(Exercise instructions) Your output should be each line from the material below that has the word "with".

──────

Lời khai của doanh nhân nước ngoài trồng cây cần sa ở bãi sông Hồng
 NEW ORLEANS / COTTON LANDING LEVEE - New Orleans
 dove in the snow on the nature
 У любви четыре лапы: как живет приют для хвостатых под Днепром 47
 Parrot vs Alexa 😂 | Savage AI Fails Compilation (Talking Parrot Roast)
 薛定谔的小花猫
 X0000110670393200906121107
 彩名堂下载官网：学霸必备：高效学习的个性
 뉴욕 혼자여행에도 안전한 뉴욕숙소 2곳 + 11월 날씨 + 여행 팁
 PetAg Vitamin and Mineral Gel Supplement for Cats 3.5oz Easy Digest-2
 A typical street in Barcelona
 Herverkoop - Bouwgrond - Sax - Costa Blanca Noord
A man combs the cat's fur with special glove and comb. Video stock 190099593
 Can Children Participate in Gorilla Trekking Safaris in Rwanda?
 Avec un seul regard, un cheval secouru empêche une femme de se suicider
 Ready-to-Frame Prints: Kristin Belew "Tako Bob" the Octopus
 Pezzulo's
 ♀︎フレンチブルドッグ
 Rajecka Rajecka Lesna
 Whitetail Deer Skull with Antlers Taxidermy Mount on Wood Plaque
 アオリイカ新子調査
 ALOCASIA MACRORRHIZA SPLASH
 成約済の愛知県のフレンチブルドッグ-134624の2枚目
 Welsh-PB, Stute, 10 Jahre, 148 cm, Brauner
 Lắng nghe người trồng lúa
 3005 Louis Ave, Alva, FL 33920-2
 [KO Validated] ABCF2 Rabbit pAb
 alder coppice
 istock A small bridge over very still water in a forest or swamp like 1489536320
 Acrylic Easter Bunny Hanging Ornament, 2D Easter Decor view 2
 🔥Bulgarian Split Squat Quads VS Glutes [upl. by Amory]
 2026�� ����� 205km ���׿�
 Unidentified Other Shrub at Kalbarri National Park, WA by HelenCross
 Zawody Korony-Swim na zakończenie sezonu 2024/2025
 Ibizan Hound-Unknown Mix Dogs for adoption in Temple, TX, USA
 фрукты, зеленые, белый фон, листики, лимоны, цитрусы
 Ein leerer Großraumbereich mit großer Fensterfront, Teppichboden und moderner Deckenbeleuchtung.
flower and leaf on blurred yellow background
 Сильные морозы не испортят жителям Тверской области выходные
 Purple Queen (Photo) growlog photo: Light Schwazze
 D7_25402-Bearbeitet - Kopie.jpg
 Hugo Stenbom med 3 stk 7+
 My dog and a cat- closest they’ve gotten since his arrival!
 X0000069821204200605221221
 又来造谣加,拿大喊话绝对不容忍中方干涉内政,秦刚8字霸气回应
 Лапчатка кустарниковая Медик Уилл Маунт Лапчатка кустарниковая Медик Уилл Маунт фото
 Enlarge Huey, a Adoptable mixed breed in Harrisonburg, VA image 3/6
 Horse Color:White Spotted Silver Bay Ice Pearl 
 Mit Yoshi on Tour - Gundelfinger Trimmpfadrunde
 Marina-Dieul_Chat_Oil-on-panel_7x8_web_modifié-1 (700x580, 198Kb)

──────

(Task output)
A man combs the cat's fur with special glove and comb. Video stock 190099593
 Whitetail Deer Skull with Antlers Taxidermy Mount on Wood Plaque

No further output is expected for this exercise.